Courtesy of The Shaken Baby Alliance
Fort Worth mayor Mattie Parker signs a banner at the C.O.P.E. launch event in September.
Bonnie Armstrong will never forget that call.
It was 1994, and Armstrong was teaching kindergarten when the voice of the school secretary came over the speaker, telling her to come to the office due to an emergency.
“Are you sure?” Armstrong asked.
And with a shaky voice, the secretary simply replied with two words: “Bonnie, run.”

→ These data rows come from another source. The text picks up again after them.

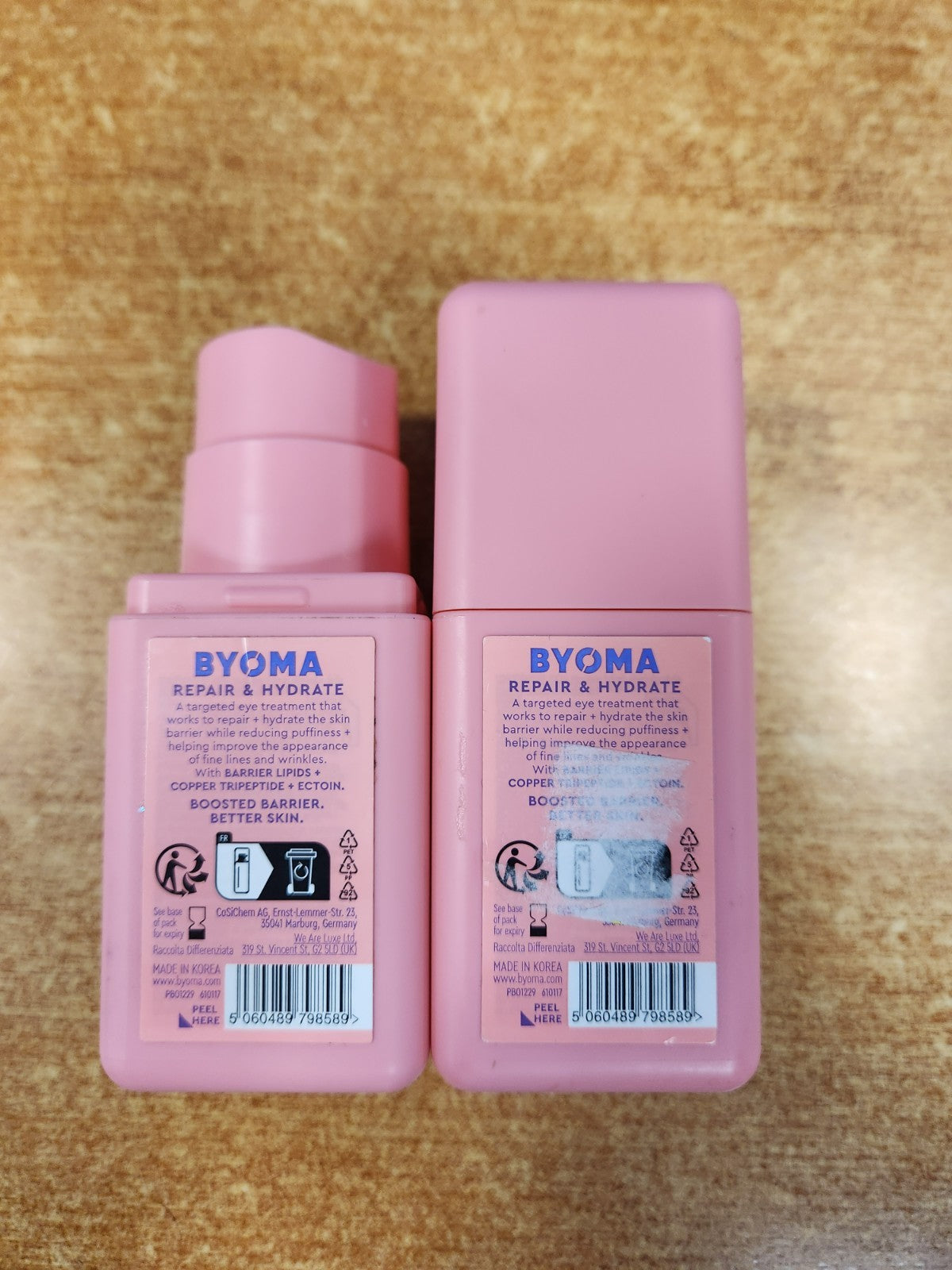 BYOMA Barrier Repair Eye Cream - Hydrating Anti-Aging Formula, 0.68 oz, Pack of 2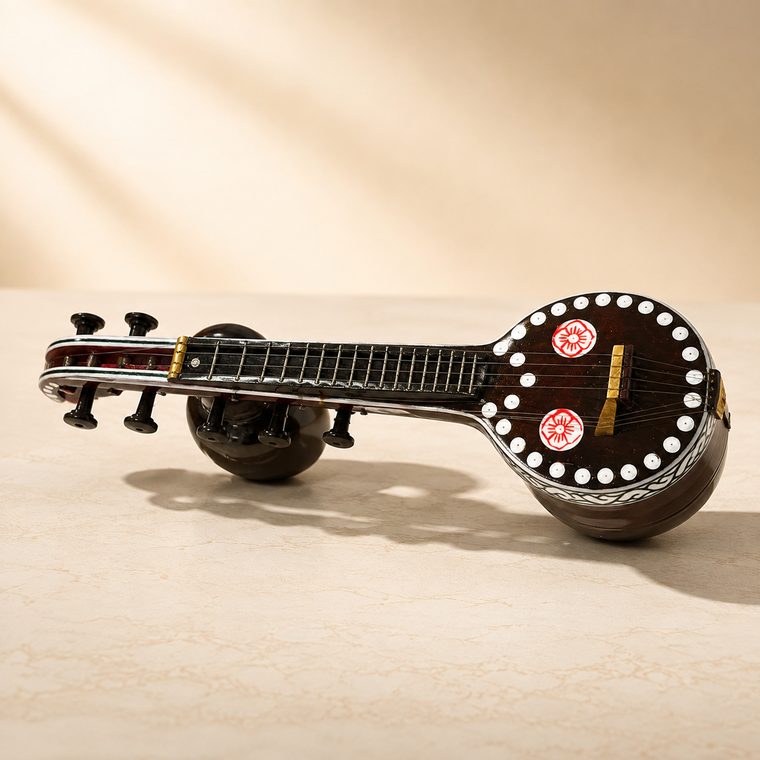 Hand-carved rosewood Bobbili Veena miniature instrument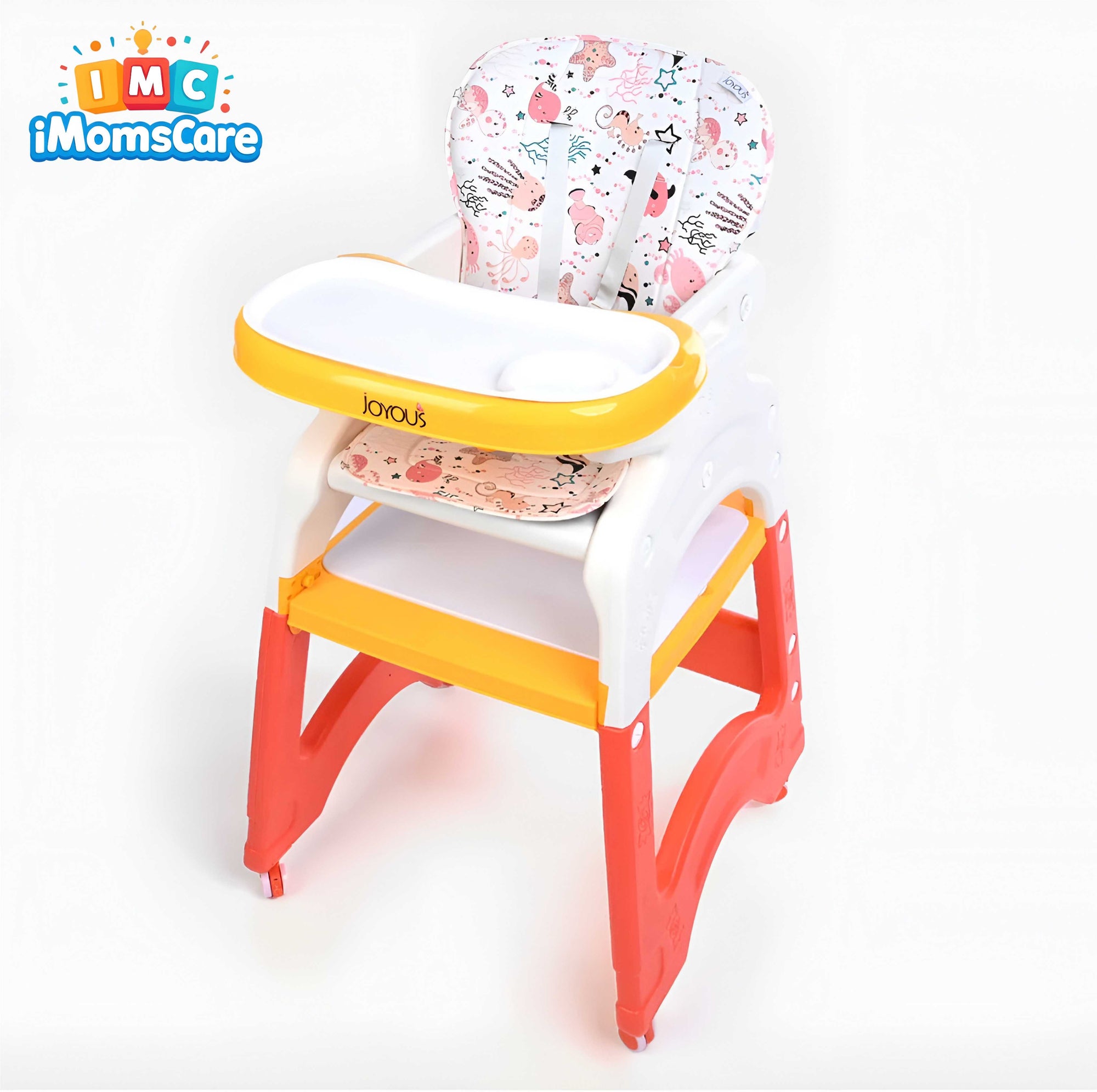 Adjustable Baby Feeding Chair with Double Tray – Foldable Baby Dining Chair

Armstrong’s brother-in-law had shaken and beaten his 2 ½-month-old daughter, Tiffany, with a baseball bat. Tiffany was flown to Cook Children’s and put on a ventilator — her brain swollen, bulging out of her skin. When Armstrong reached Tiffany’s side, Armstrong remembers kissing her niece, telling her that “if she would fight and she would breathe, I would make something good come out of something so very evil.”
Tiffany did, and today, she’s a thriving 27-year-old who enjoys volunteering at animal shelters and competing as a Special Olympics athlete. (Her father, Larry David Fox, was convicted of third-degree injury to a child and received a sentence of 10 years in prison.)
Meanwhile, Armstrong has made good on her promise.
Armstrong is the executive director of Fort Worth-based nonprofit The Shaken Baby Alliance, which she co-founded with Kim Kang and Melonie Caster (two mothers whose children also suffered from shaken baby syndrome under their caregivers) in 1997. The organization focuses on offering support for victims, helping law enforcement with child abuse cases and investigations, and educating others on abuse prevention.
The alliance’s latest initiative is an educational program called C.O.P.E., which recently received a $300,000 grant from the City of Fort Worth’s Crime Control and Prevention District to be taught at schools and other community groups over the next three years. Thanks to staff member Felicia Hernandez, the program is available in both English and Spanish.